### RECORDS FOR THE TASK

......

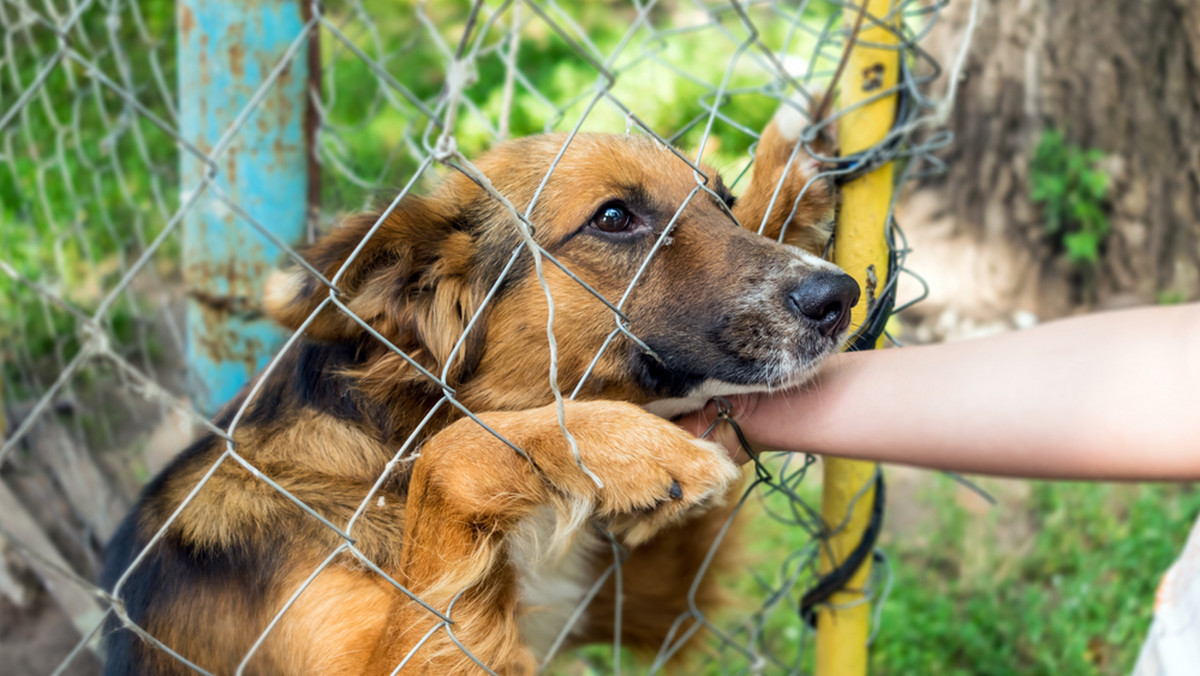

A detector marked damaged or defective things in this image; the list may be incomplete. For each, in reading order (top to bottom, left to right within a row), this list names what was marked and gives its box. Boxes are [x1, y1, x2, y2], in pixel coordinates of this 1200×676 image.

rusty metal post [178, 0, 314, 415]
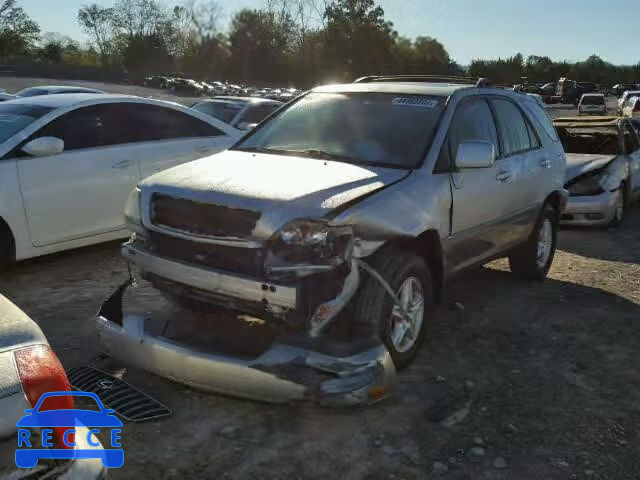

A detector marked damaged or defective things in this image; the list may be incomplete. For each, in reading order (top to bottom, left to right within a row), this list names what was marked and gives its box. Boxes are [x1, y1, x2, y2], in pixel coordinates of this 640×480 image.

......

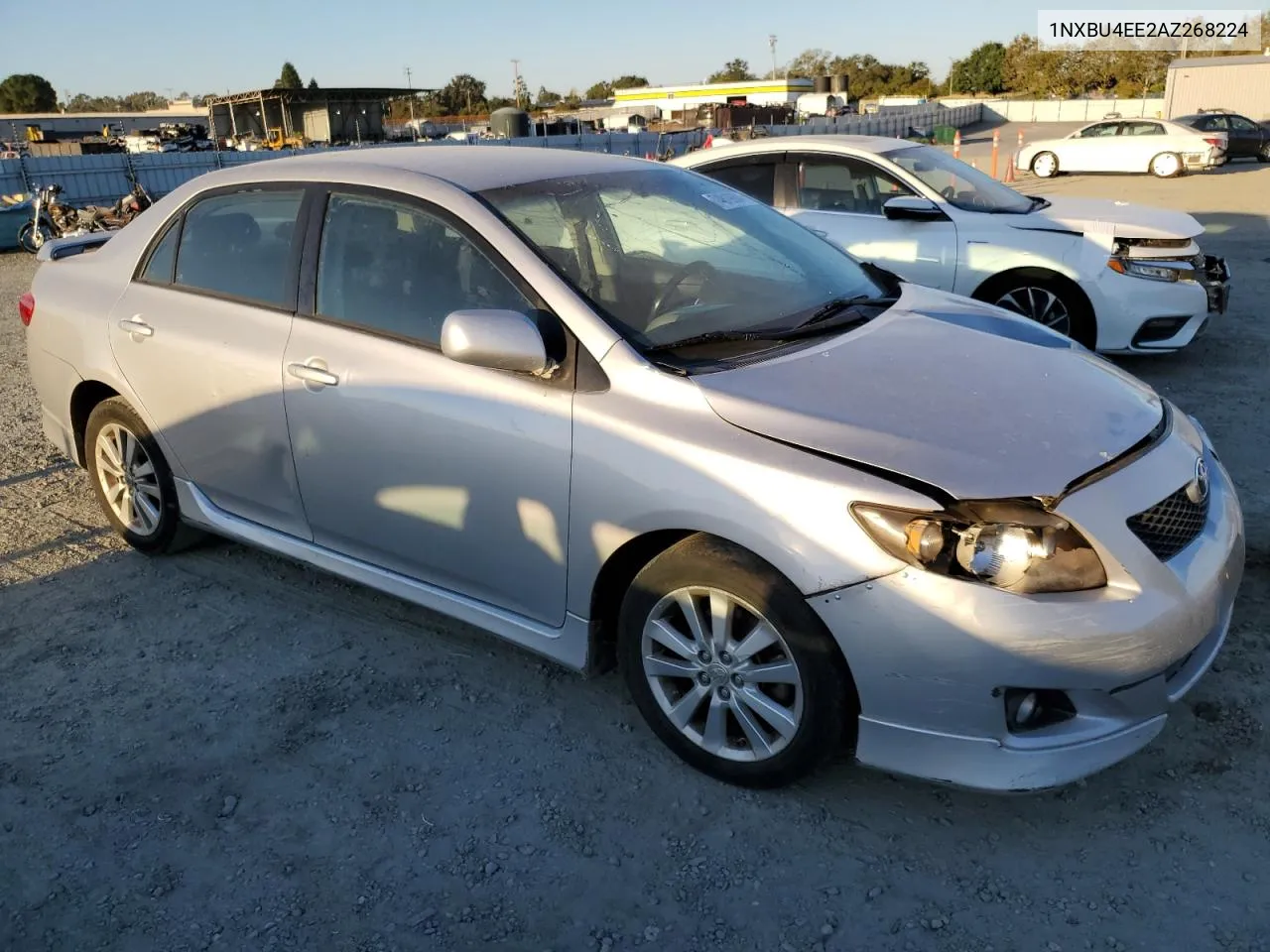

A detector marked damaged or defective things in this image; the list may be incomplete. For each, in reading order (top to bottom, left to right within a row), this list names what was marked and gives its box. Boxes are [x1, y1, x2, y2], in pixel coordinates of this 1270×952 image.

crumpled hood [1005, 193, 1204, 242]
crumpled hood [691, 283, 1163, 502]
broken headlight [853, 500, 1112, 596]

......

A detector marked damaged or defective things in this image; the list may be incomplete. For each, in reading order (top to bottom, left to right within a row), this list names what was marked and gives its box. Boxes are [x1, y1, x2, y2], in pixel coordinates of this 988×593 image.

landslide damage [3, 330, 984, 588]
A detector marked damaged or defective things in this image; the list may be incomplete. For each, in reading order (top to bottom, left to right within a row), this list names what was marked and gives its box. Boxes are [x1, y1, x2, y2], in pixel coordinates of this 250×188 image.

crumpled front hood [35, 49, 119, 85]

......

### YOUR TASK
In the material above, the stretch from the line with "this 1200×676 image." through the line with "this 640×480 image." is to be given again exactly, minus the pictures.

### ANSWER BOX
A detector marked damaged or defective things in this image; the list may be incomplete. For each, in reading order (top to bottom, left to right within a row), this list names what was marked and gives its box. Boxes are [x1, y1, x2, y2], in pixel coordinates of this 1200×676 image.

rusty metal post [178, 0, 314, 415]

A detector marked damaged or defective things in this image; the list may be incomplete. For each, in reading order (top to bottom, left to right within a row), this list names what was marked and gives its box. Boxes are [x1, y1, x2, y2], in pixel coordinates of this 640×480 image.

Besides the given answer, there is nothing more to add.